Multiple Money Matters
Although a second set of twins hasn’t put a crimp in these families’ lifestyles, it sure has cost a pretty penny. Their number one monthly expense? Groceries and diapers.
“When the youngest twins were born we had four kids in diapers,” says Lisa Swain. “That’s about $250 a week for diapers alone! At the peak of the babies’ formula consumption (I breastfed for four months) we spent an estimated $150 a week. Add to that number $100 a week in solid baby food and we were spending $2,000 a month on diapers and infant food.” Fortunately, she says, it was a short-term problem as kids got bigger and graduated to the potty and table food.
Many parents say that school supplies add up quickly as do after-school clubs, music lessons, and sports. Traveling and staying at hotels take careful planning, too, as families with more than one set of twins usually need two hotel rooms or a suite. But many moms employ savvy cost-cutting techniques such as learning to cut their kids’ hair, buying clothes at consignment shops or their twins’ clubs semi-annual clothing sales, buying food and cooking in bulk, and searching for all kinds of discount coupons online.
“We save a lot on baby expenses because I’m breastfeeding and using cloth diapers,” says Heather Eckstein of Augusta, Georgia.
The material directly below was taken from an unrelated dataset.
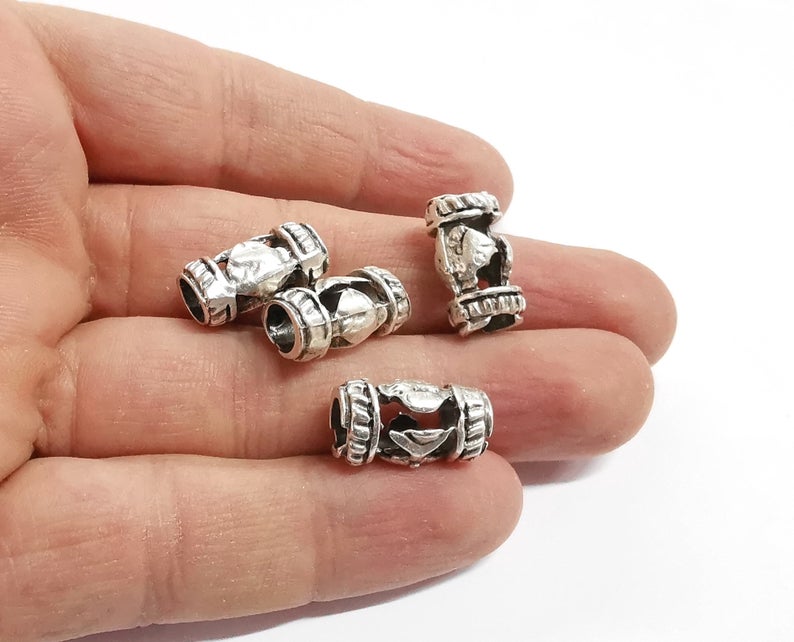 4 Silver beads Antique silver plated beads (19x11mm) G24232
The mom to six-year-old Matthew, four-year-old Joshua, three-year-old identical twins Leila and Sarah, and eight-month-old identical twins Nathan and Ryan estimates that she’s saved $10,000 since having six kids in five years.
Instant Twin Celebrities
Parents of twins everywhere draw a lot of attention from curious strangers. So you can just imagine what it’s like for these families to go out in public. Even a simple trip to the supermarket can turn into star-stalking pandemonium. Many moms try to be polite only to find that it takes twice as long to get their errands done forcing them to employ other techniques such as avoiding eye contact, offering short and sweet answers, and leaving the quad stroller at home (apparently a dead give-away).
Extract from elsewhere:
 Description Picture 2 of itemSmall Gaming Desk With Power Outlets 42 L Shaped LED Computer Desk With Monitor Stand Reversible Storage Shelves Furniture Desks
“We have had people take pictures of us everywhere from Niagara Falls to our local zoo and even in the produce section of the supermarket,” says Heather Eckstein. On a recent trip to Washington D.C., her family was stopped two dozen times while strolling along the National Mall. “It was very surreal,” she laughs.
For some families like Amy Rea’s of Atlanta, Georgia, having fraternal twins (four-year-old Jack and Nate, and three-year-old Ashley and Blake) helps to keep the comments at bay especially now that they are older. “They’re all different heights and I don’t dress them alike,” she says. “So we don’t get too many comments anymore.”
Yet as twins get older, many younger sets actually catch up in size to their older twin siblings setting off a whole host of different questions from onlookers.
Just ask Karen Lackey. On a recent outing, she took a child from each set of twins to mix things up a bit. Although a year-and-a-half apart, both children are close in size. “Someone asked me if they were twins, and I had to think about my answer,” she says. “I said that they both were but no to each other. The woman just looked at me like, ‘Huh?’”
Aside from the obvious inconveniences, all this celebrity status can be especially hard on singleton siblings. “My singleton, the oldest, is acutely aware of the attention her siblings get and our family as a whole. I know it has caused a lot of jealousy and a skewed view of her world,” explains Kris Powell. This Indianapolis, Ind. mother to five including seven-year-old Karen, five-year-old fraternal twin girls Brynne and Marissa, and three-year-old identical twin boys, Erik and Trent, encourages her single-born daughter to join social groups where she can shine on her own but sometimes it’s not easy. “She has expressed to me several times that she wishes she had a twin, so she would have a playmate and not feel so alone or different from her brothers and sisters,” she says.